** DATA RECORDS follows **

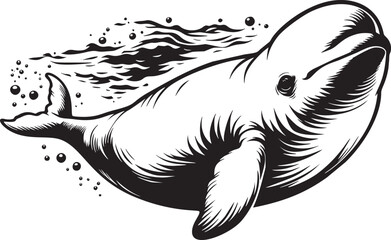 Graceful Baby Beluga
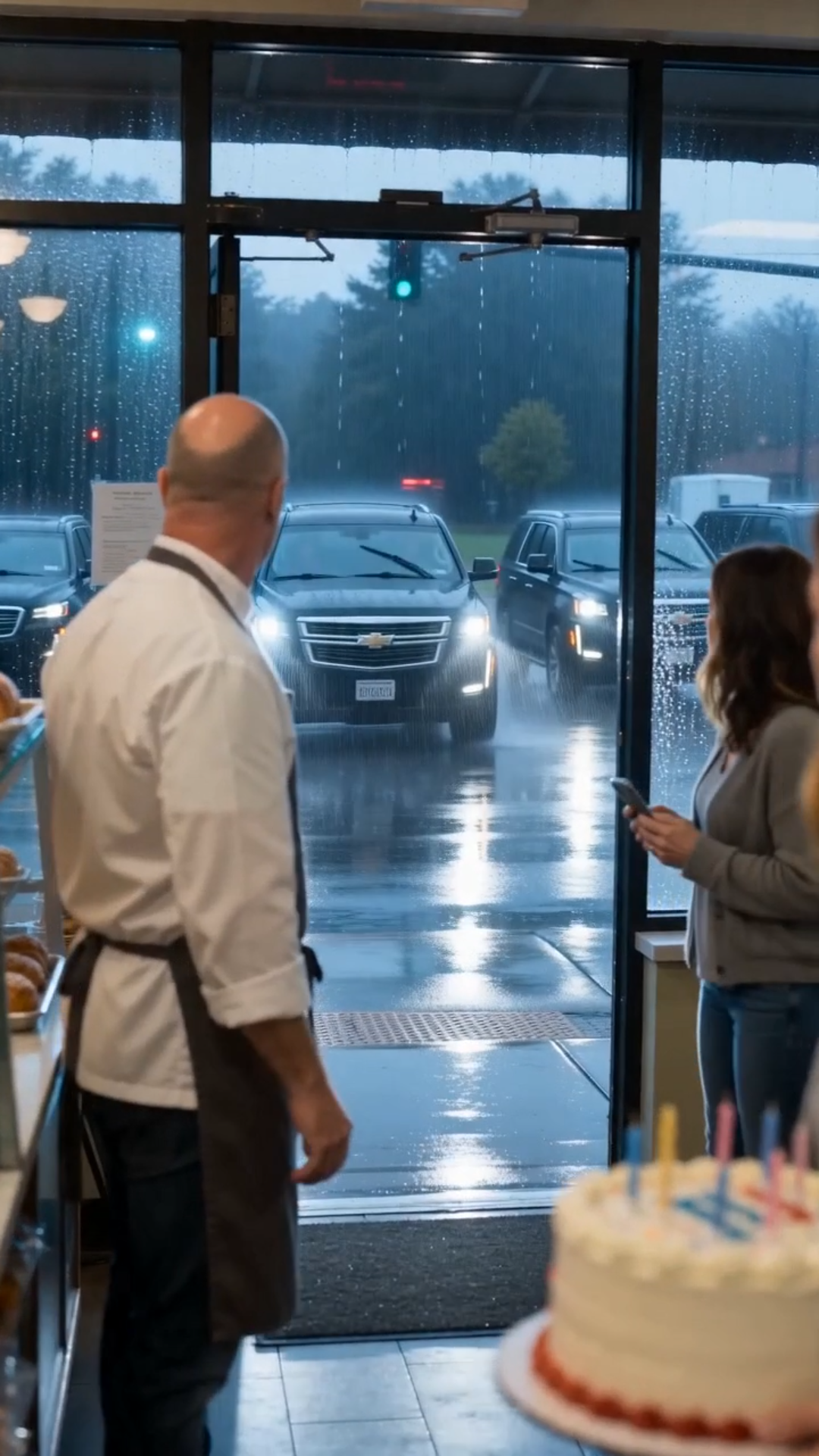 He Bought a Stranger's Birthday Cake—Then Three Black SUVs Pulled Up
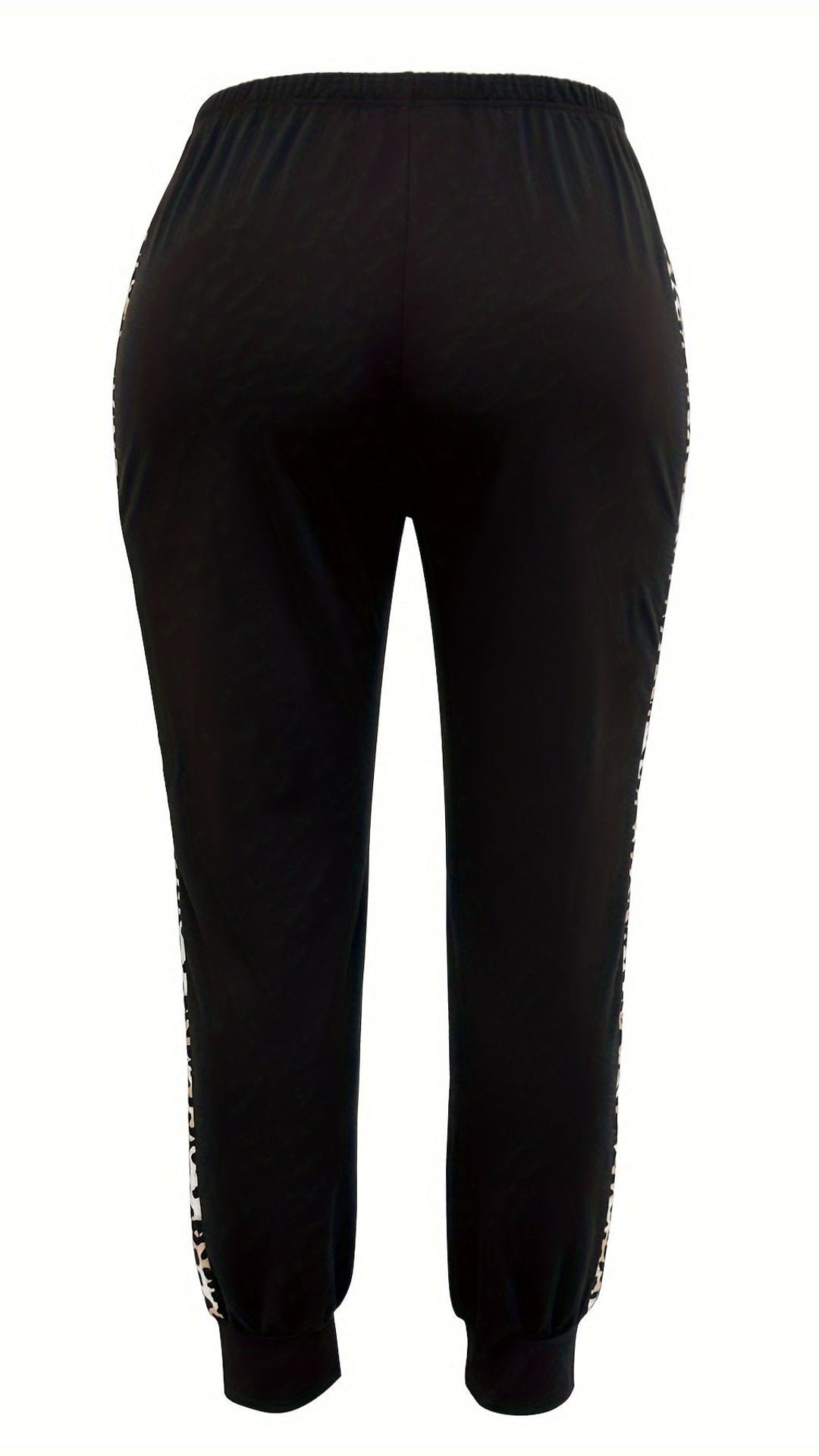 jkthpu-45 Cozy Leopard Print Joggers Womens Comfy Casual Sweatpants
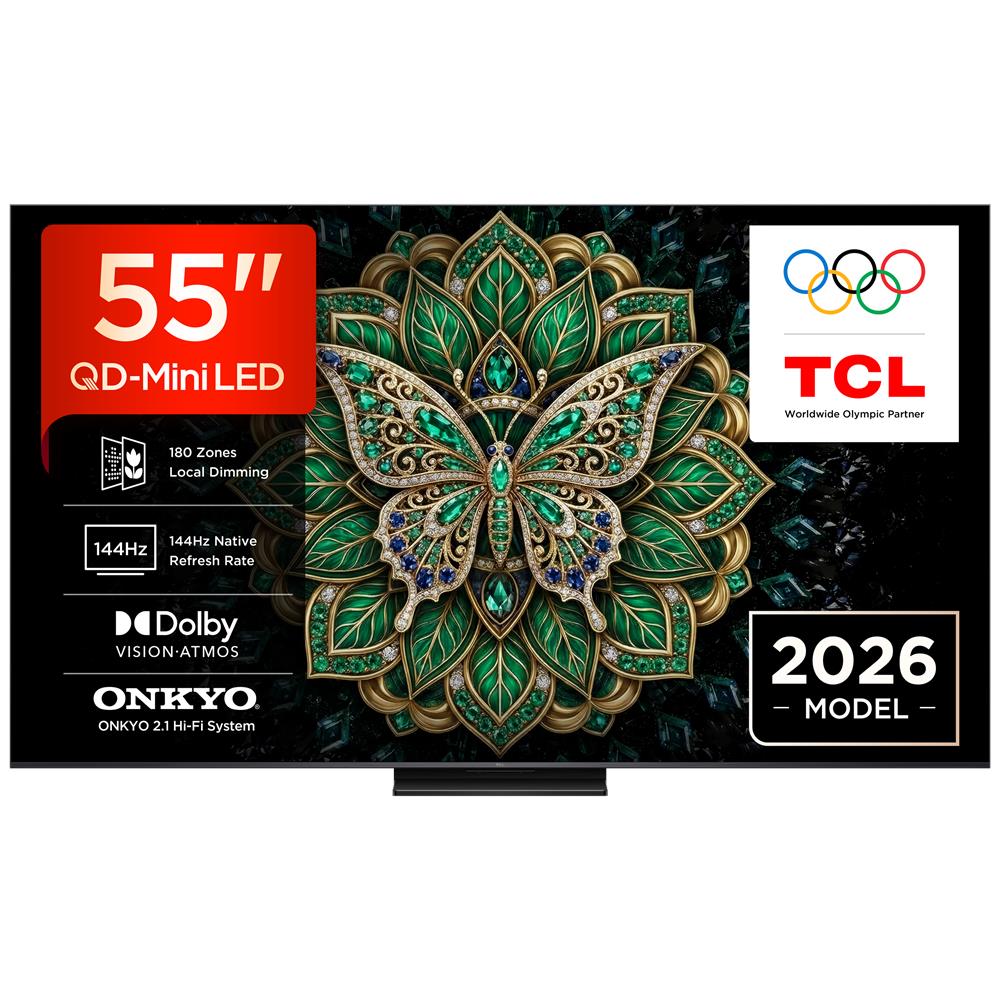 C6K Pro TV 55C6K PRO 55” QD-Mini LED TV, 4K HDR 1000 nits, 180 dimming zones, Google TV, Dolby Vision & Atmos, 2.1 Onkyo, 144Hz, AirPlay 2 - Foto 1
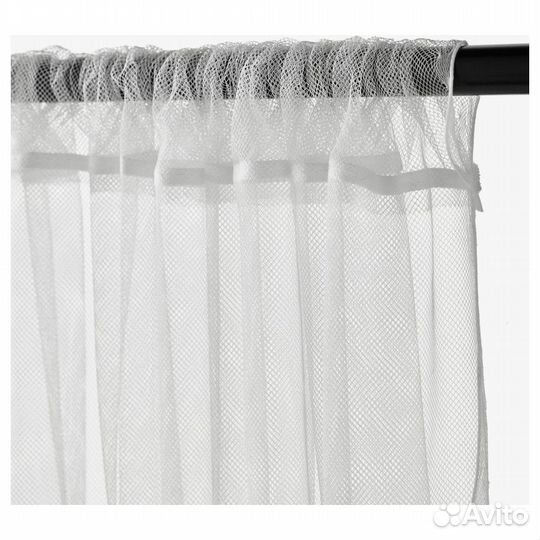 Гардины IKEA новые полупрозрачные лилль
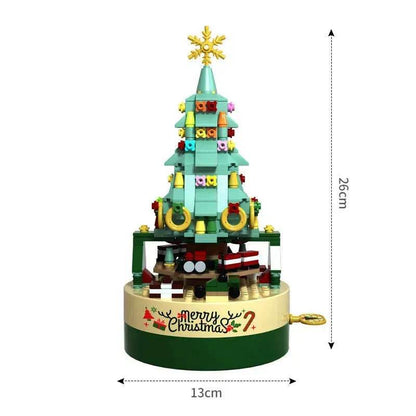 Black Friday deals Christmas Tree Blocks Spin Music Box Blocks - www.Shopthatapp.com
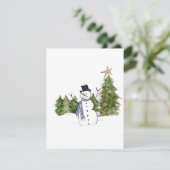 雪だるまの松 シーズンカード (スタンド正面)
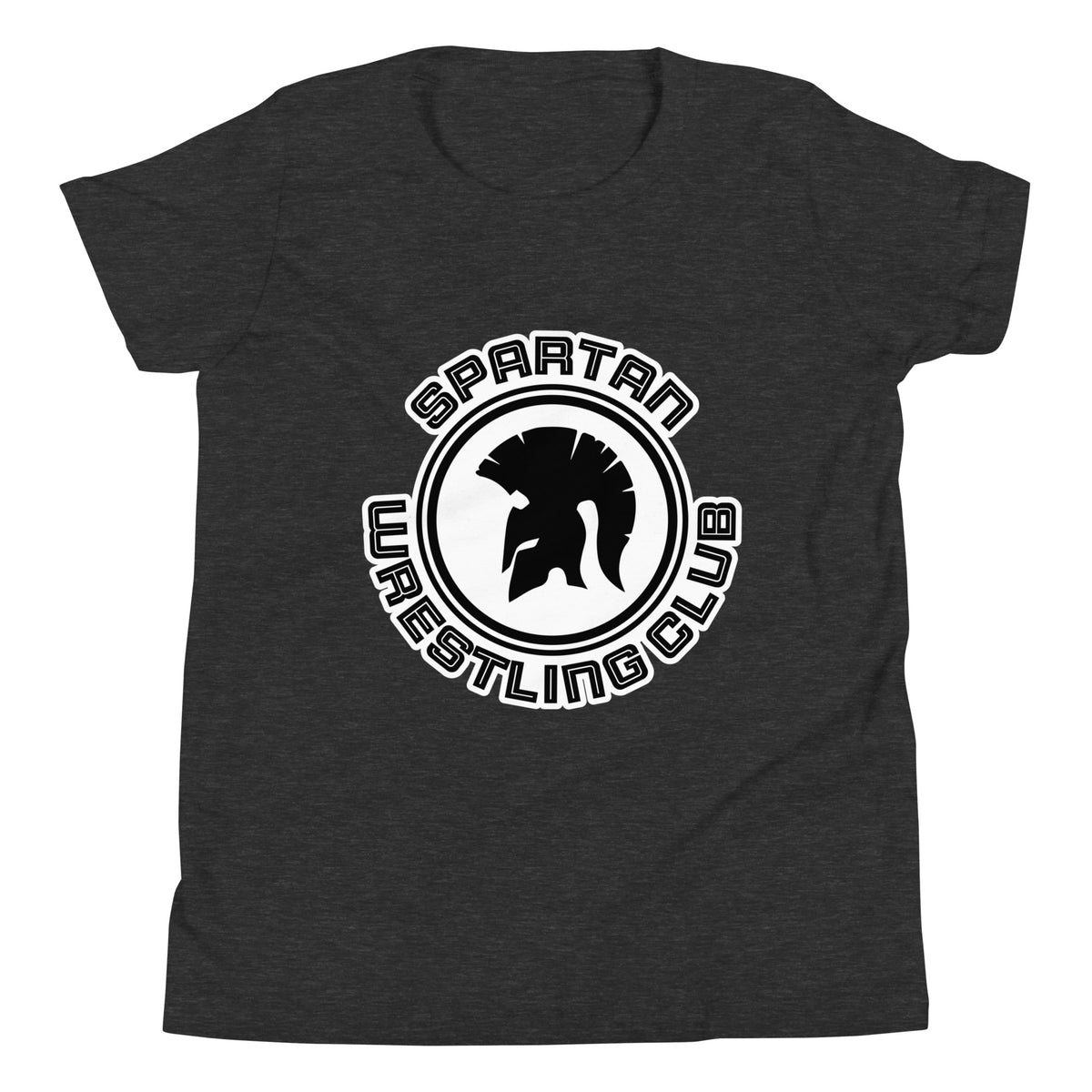 Performance | Youth T-Shirt | Spartan Wrestling Club | Crest Logo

** End of DATA RECORDS **

• _THE TASK_:
Without the pictures, print all of the records exactly.

• _SOLUTION TO THE PROBLEM_:
 Graceful Baby Beluga
 He Bought a Stranger's Birthday Cake—Then Three Black SUVs Pulled Up
 jkthpu-45 Cozy Leopard Print Joggers Womens Comfy Casual Sweatpants
 C6K Pro TV 55C6K PRO 55” QD-Mini LED TV, 4K HDR 1000 nits, 180 dimming zones, Google TV, Dolby Vision & Atmos, 2.1 Onkyo, 144Hz, AirPlay 2 - Foto 1
 Гардины IKEA новые полупрозрачные лилль
 Black Friday deals Christmas Tree Blocks Spin Music Box Blocks - www.Shopthatapp.com
 雪だるまの松 シーズンカード (スタンド正面)
 Performance | Youth T-Shirt | Spartan Wrestling Club | Crest Logo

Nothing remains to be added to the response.